■ Mit Fahrradherstellern auf du und du: Luft raus
Berlin (taz) – Wer ein neues Fahrrad kaufen will, sollte das jetzt tun, rät der Verband der Fahrrad- und Motorradindustrie. 1,2 Millionen Räder stapeln sich in den Lagern und drücken auf die Preise. Und die Händler drängt es, die alten Modelle los zu werden, denn gerade wurde auf der Fahrradmesse „Eurobike“ in Friedrichshafen schon die neuste Mountainbike- Generation vorgestellt.
Der Fahrradabsatz ist seit dem Vereinigungsboomjahr 1991 kräftig geschrumpft: von damals 6,3 Millionen auf geschätzte 4,7 Millionen in diesem Jahr. Das ist jedoch nicht der einzige Grund für die Krise der heimischen Fahrradindustrie. Denn während 1993 nur noch 3,8 Millionen Räder in Deutschland montiert wurden, acht Prozent weniger als im Jahr davor, konnten die Importeure ein 14prozentiges Wachstum auf 2,5 Millionen Stück verbuchen.

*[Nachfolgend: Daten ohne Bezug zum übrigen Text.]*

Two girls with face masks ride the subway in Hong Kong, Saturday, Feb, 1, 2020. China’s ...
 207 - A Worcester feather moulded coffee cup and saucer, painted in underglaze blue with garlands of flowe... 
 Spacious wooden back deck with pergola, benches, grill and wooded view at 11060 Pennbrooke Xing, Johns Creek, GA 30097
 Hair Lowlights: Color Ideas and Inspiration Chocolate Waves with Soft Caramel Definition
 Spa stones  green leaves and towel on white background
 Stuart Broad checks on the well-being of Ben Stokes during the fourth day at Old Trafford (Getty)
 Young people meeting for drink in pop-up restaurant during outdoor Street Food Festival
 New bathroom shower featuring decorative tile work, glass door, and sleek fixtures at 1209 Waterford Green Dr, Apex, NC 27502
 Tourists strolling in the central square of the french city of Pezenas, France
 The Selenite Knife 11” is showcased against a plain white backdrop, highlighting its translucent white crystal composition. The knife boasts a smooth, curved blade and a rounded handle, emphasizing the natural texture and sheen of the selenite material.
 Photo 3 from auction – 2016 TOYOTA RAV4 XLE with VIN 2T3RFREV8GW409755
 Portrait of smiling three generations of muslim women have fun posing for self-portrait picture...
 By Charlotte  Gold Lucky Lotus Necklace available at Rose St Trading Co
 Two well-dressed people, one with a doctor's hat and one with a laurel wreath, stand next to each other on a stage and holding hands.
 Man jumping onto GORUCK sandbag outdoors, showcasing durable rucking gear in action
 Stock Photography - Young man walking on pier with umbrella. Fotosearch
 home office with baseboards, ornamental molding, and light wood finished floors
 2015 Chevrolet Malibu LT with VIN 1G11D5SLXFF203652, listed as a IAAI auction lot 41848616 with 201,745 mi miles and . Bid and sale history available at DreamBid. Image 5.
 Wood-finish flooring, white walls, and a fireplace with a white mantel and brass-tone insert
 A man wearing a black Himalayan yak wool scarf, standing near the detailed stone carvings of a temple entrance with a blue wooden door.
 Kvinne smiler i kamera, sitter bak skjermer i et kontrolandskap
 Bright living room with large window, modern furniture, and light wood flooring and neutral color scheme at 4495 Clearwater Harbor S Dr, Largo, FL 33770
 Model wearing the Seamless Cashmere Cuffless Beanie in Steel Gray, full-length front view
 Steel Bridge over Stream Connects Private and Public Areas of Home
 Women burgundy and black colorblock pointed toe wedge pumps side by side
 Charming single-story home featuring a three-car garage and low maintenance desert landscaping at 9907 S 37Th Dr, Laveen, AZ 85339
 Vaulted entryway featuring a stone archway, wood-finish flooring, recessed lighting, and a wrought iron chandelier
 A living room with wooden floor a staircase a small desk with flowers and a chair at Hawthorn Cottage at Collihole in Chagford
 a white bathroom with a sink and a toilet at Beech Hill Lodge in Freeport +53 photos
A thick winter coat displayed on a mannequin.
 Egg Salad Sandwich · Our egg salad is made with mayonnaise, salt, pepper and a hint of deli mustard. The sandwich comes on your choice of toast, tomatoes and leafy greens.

Groß ist daher das Gejammer in der deutschen Fahrradindustrie über die aus dem Ausland, vornehmlich Fernost, anrollenden Räder. Bei der EU konnten sie einen 34prozentigen Strafzoll gegen angeblich zu Dumpingpreisen vertriebene chinesische Fahrräder erwirken. Aber genutzt haben die Importlücke nur Hersteller aus Taiwan und Italien. Neuerdings drückt nun auch noch die Konkurrenz aus dem viel näheren Osten, den osteuropäischen Reformstaaten. Die deutschen Hersteller werden aber nicht den Markt gegen das gesamte Ausland abschotten können.
Etwas anderes haben sie der ausländischen Konkurrenz aber kaum entgegenzusetzen. Innovationen kommen aus den USA, technisch ausgefeilte Räder und Fahrradteile werden in Fernost, insbesondere Taiwan, in riesigen, hochmodernen Fabriken zusammengebaut. Die eher mittelständischen deutschen Hersteller lagen dagegen bis vor kurzem im Tiefschlaf.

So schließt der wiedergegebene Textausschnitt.